Notes on setting up hadoop on CentOS 5 x86

Overview

This documents my experience setting up hadoop on three 2-cpu hyperthreaded Centos 5 x86 boxes.

The machines being used are called:

  • hadoop-0-0
  • hadoop-0-1
  • hadoop-0-2

System Setup

Unless otherwise stated, each task was executed on all three machines.

Set up hadoop user

I added a “hadoop” user up on each node, and untarred the hadoop source directly in to the /home/hadoop directory.  So there was a /home/hadoop/conf, /home/hadoop/bin, etc.

useradd hadoop
passwd hadoop
cd /tmp
wget http://apache.siamwebhosting.com/hadoop/core/hadoop-0.17.0/hadoop-0.17.0.tar.gz
su hadoop
cd ~
tar -xvzf /tmp/hadoop*gz
mv hadoop*/* ./
rmdir hadoop*
exit

Next, I set up passphrase-less ssh. On hadoop-0-0, I set up a DSA key:

su hadoop
ssh-keygen -t dsa
#[...use blank passphrase...]
scp ~/.ssh/id_dsa.pub hadoop-0-1:/tmp/
scp ~/.ssh/id_dsa.pub hadoop-0-2:/tmp/

Then, on hadoop-0-1 and hadoop-0-2:

su hadoop
mkdir ~/.ssh
chmod 700 ~/.ssh
cp /tmp/id_dsa.pub ~/.ssh/authorized_keys
chmod 644 ~/.ssh/authorized_keys

This allows login from hadoop-0-0 to both hadoop-0-1 and hadoop-0-2 without typing a password. It’s necessary.

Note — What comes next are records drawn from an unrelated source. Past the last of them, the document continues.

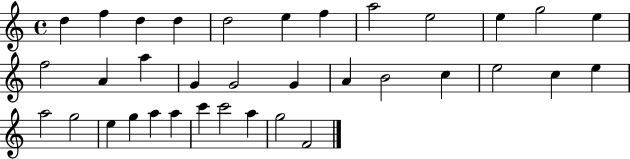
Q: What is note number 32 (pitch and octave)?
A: C6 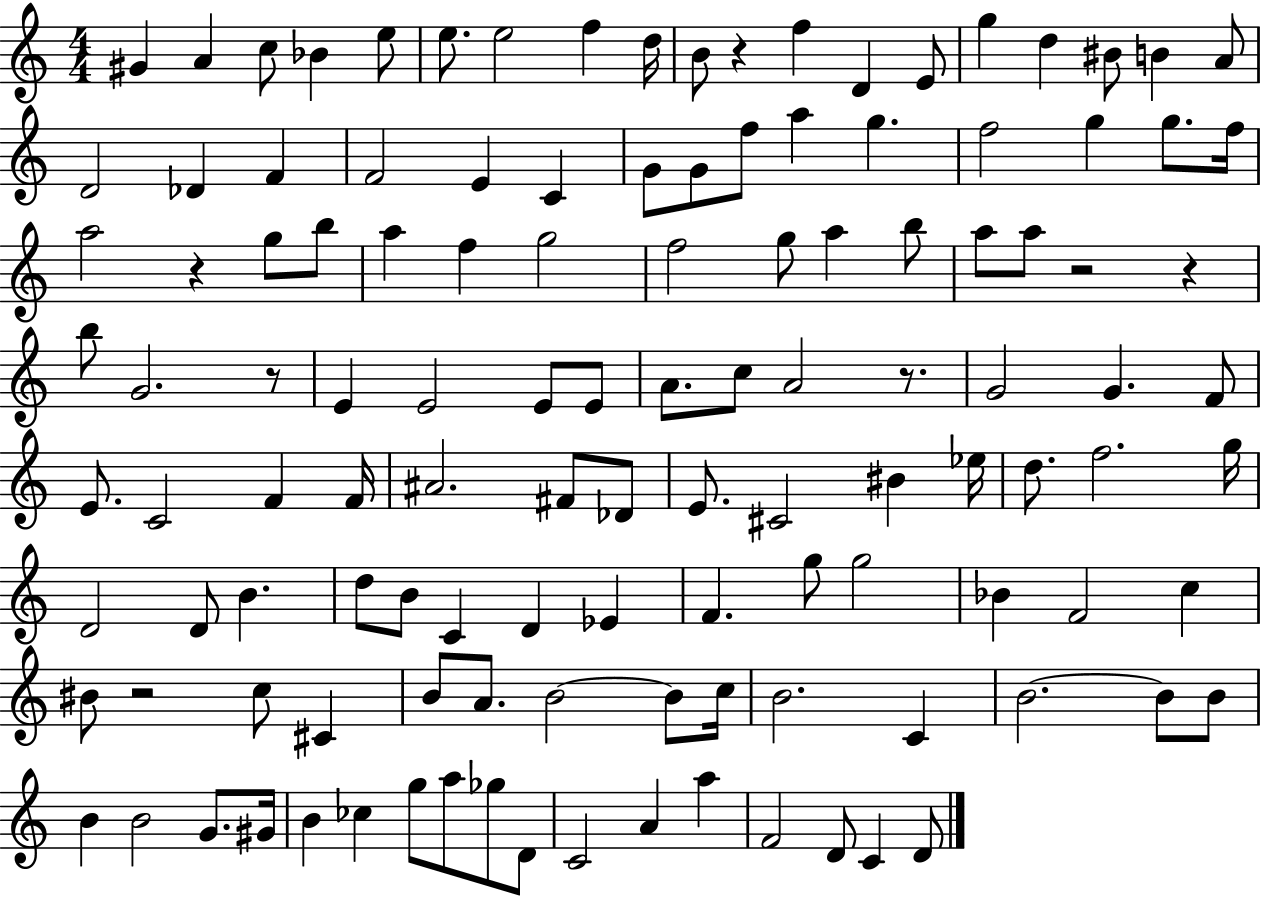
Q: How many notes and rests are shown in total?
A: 122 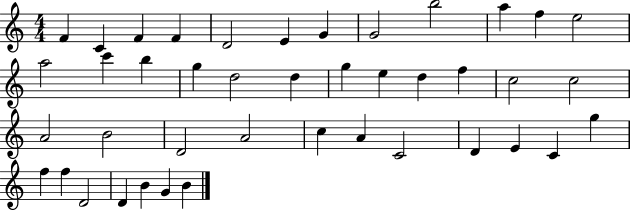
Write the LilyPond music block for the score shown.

{
  \clef treble
  \numericTimeSignature
  \time 4/4
  \key c \major
  f'4 c'4 f'4 f'4 | d'2 e'4 g'4 | g'2 b''2 | a''4 f''4 e''2 | \break a''2 c'''4 b''4 | g''4 d''2 d''4 | g''4 e''4 d''4 f''4 | c''2 c''2 | \break a'2 b'2 | d'2 a'2 | c''4 a'4 c'2 | d'4 e'4 c'4 g''4 | \break f''4 f''4 d'2 | d'4 b'4 g'4 b'4 | \bar "|."
} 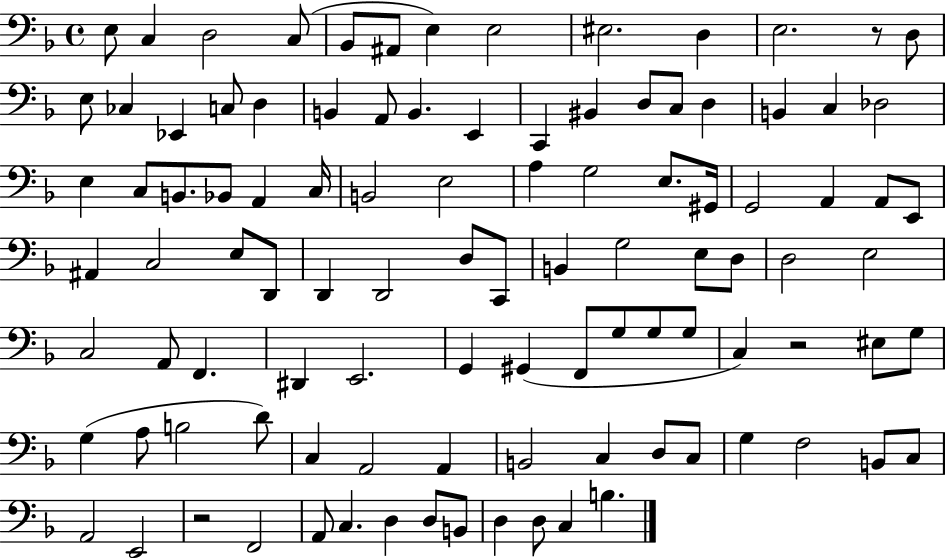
X:1
T:Untitled
M:4/4
L:1/4
K:F
E,/2 C, D,2 C,/2 _B,,/2 ^A,,/2 E, E,2 ^E,2 D, E,2 z/2 D,/2 E,/2 _C, _E,, C,/2 D, B,, A,,/2 B,, E,, C,, ^B,, D,/2 C,/2 D, B,, C, _D,2 E, C,/2 B,,/2 _B,,/2 A,, C,/4 B,,2 E,2 A, G,2 E,/2 ^G,,/4 G,,2 A,, A,,/2 E,,/2 ^A,, C,2 E,/2 D,,/2 D,, D,,2 D,/2 C,,/2 B,, G,2 E,/2 D,/2 D,2 E,2 C,2 A,,/2 F,, ^D,, E,,2 G,, ^G,, F,,/2 G,/2 G,/2 G,/2 C, z2 ^E,/2 G,/2 G, A,/2 B,2 D/2 C, A,,2 A,, B,,2 C, D,/2 C,/2 G, F,2 B,,/2 C,/2 A,,2 E,,2 z2 F,,2 A,,/2 C, D, D,/2 B,,/2 D, D,/2 C, B, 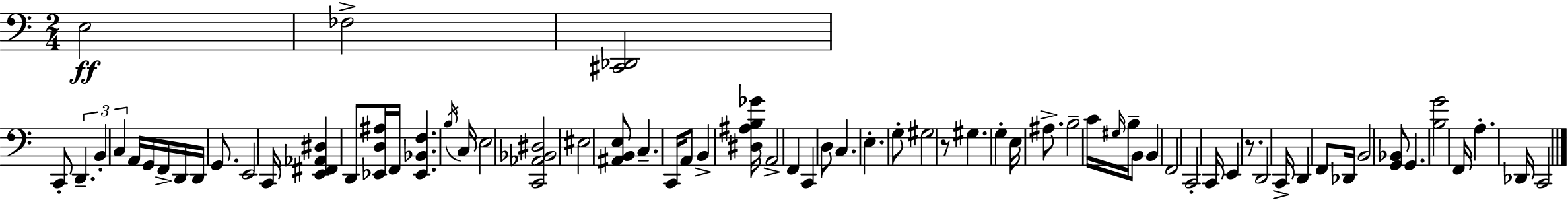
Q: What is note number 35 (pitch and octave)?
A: E3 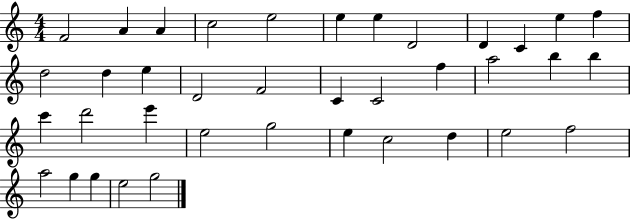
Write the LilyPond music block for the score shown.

{
  \clef treble
  \numericTimeSignature
  \time 4/4
  \key c \major
  f'2 a'4 a'4 | c''2 e''2 | e''4 e''4 d'2 | d'4 c'4 e''4 f''4 | \break d''2 d''4 e''4 | d'2 f'2 | c'4 c'2 f''4 | a''2 b''4 b''4 | \break c'''4 d'''2 e'''4 | e''2 g''2 | e''4 c''2 d''4 | e''2 f''2 | \break a''2 g''4 g''4 | e''2 g''2 | \bar "|."
} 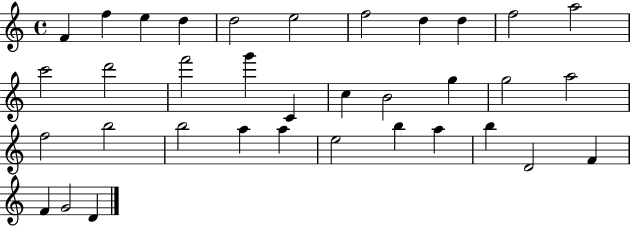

Install prerequisite software

ssh and rsync are required. You can install them like so:

yum -y install ssh rsync

I installed Java 6 from Sun (it’s important to mention here that the CentOS yum/JPackage RPMs for gcc-java, etc did not work for Mahout, so it had to be the Sun Java).

rpm -Uvh j*rpm

Setup system services

I turned off iptables and ip6tables, and disabled them on startup. You could configure them, but I just turned them off. They get in the way of the nodes communicating.

/etc/init.d/iptables stop
/etc/init.d/ip6tables stop
/usr/sbin/ntsysv
#[...]

Then, I edited the hosts file. I actually did this later in the process after a bunch of debugging, but it makes sense to do it here. You need to make sure that the name by which you refer to a host is not associated with the loopback IP address (127.0.0.1). So your /etc/hosts file should look something like this on hadoop-0-0:

127.0.0.1    localhost localhost.localdomain
::1    localhost6.localdomain6 localhost6
10.0.0.1    hadoop-0-0

where the 10.0.0.1 entry is optional if you have some other way to resolve it, e.g. DNS. The key point is that the hadoop-0-0 name not be associated with 127.0.0.1.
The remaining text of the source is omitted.